Akin API Reference

MinHash

The Akin library offers two classes for generating the MinHash object: UniMinHash and MultiMinHash.

UniMinHash

Creates a MinHash object that contains matrix of Minhash Signatures for each text.

Texts are shingled and hashed using the bottom-k variant of the MinHash algorithm, each text is hashed once and the k-smallest values selected for k permutations. This method is less computationally intensive than multi_hash but also less stable.

UniMinHash(
    text, 
    n_gram=9, 
    n_gram_type='char', 
    permutations=100, 
    hash_bits=64, 
    seed=None
)

Parameters

text {list or ndarray}
Iterable containing strings of text for each text in a corpus.

n_gram int, optional, default: 9
Size of each overlapping text shingle to break text into prior to hashing. Shingle size should be carefully selected dependent on average text length as too low a shingle size will yield false similarities, whereas too high a shingle size will fail to return similar documents.

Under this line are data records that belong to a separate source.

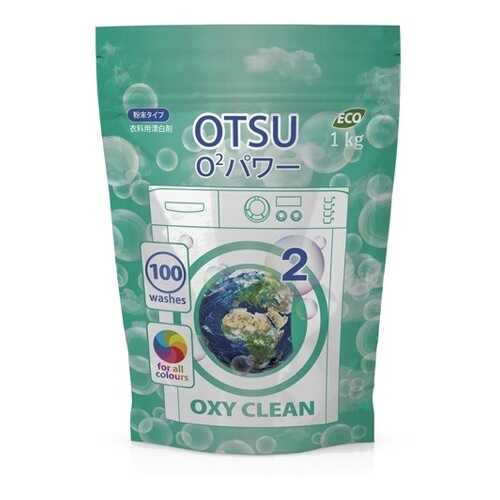 Отбеливатель Otsu О2 1 кг в Хофтер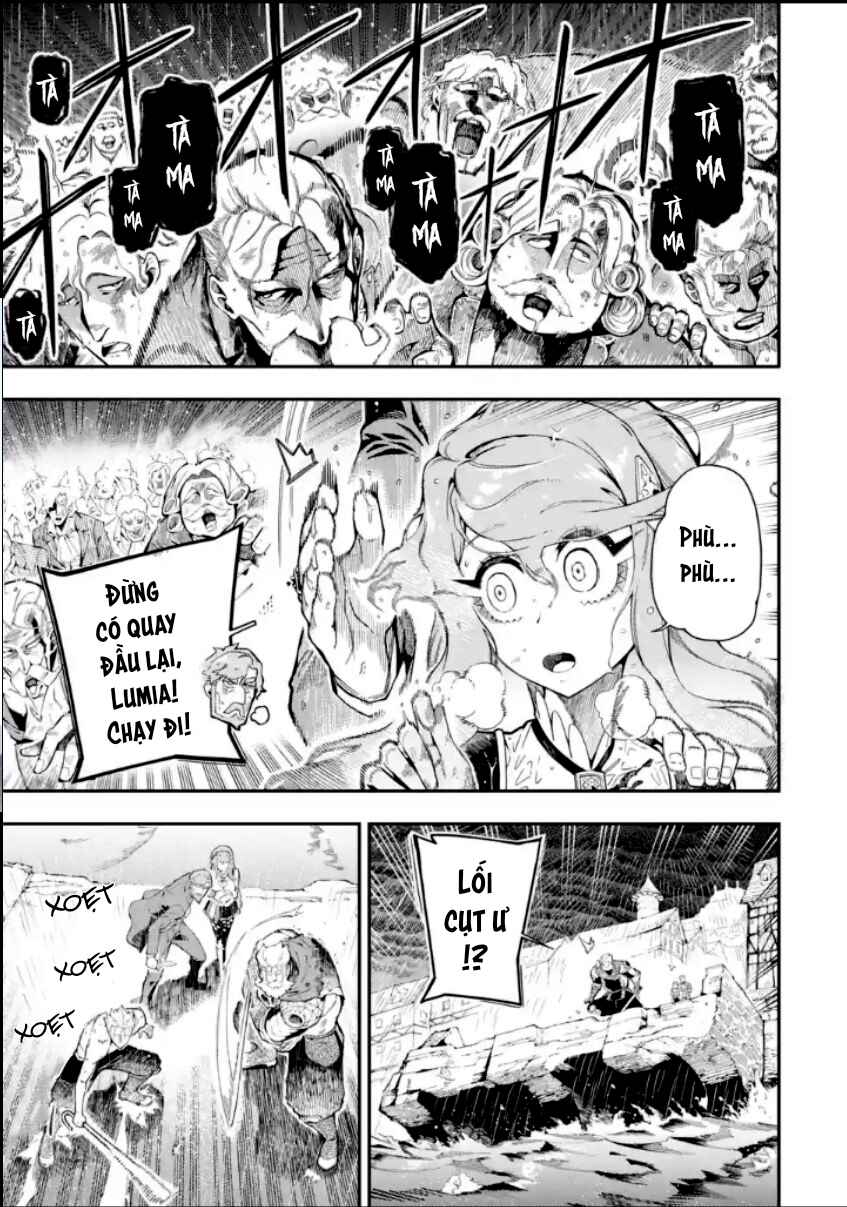 Ansatsu Skill de Isekai Saikyou ~Renkinjutsu to Ansatsujutsu wo Kiwameta Ore wa, Sekai wo Kage kara Shihai suru~ Chapter 14.1 - Page 25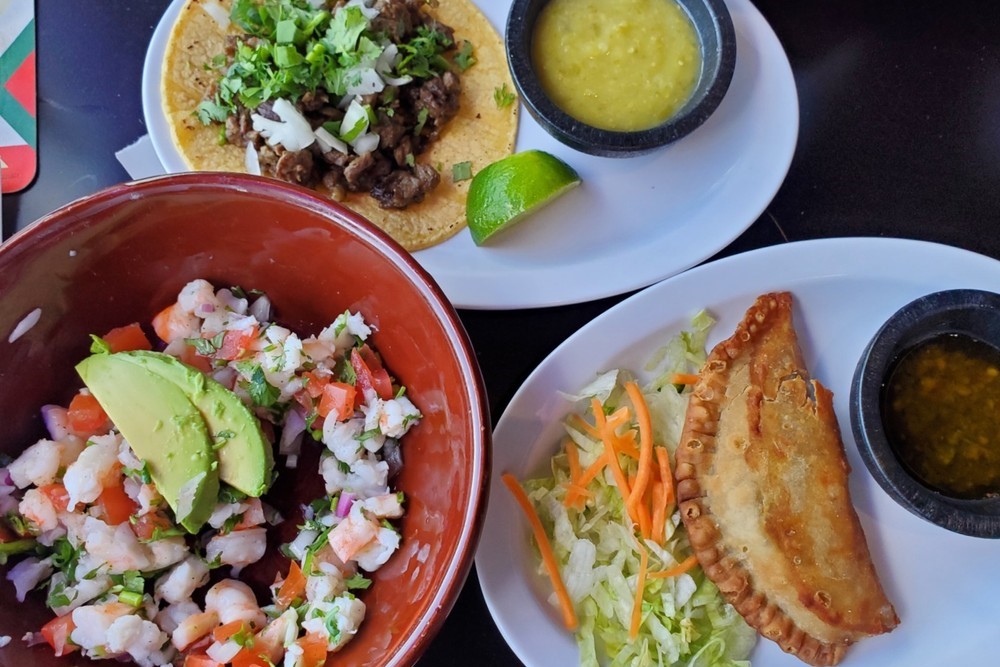 拉斯维加斯艺术区美食之旅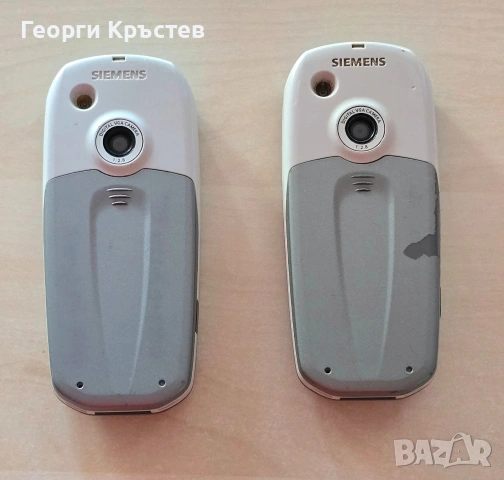 Siemens CX65(2 бр.) - без батерии, снимка 17 - Siemens - 53799940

For character shingles a size of 5 is recommended for shorter texts such as emails, the default size of 9 is recommended for longer texts or documents.

n_gram_type str, optional, default: 'char'
Type of n gram to use for shingles, must be 'char' to split text into character shingles or 'term' to split text into overlapping sequences of words.

permutations int, optional, default: 100
Number of randomly sampled hash values to use for generating each texts minhash signature. Intuitively the larger the number of permutations, the more accurate the estimated Jaccard similarity between the texts but longer the algorithm will take to run.

hash_bits int, optional, default: 64
Hash value size to be used to generate minhash signatures from shingles, must be 32, 64 or 128 bit.

Hash value size should be chosen based on text length and a trade off between performance and accuracy. Lower hash values risk false hash collisions leading to false similarities between documents for larger corpora of texts.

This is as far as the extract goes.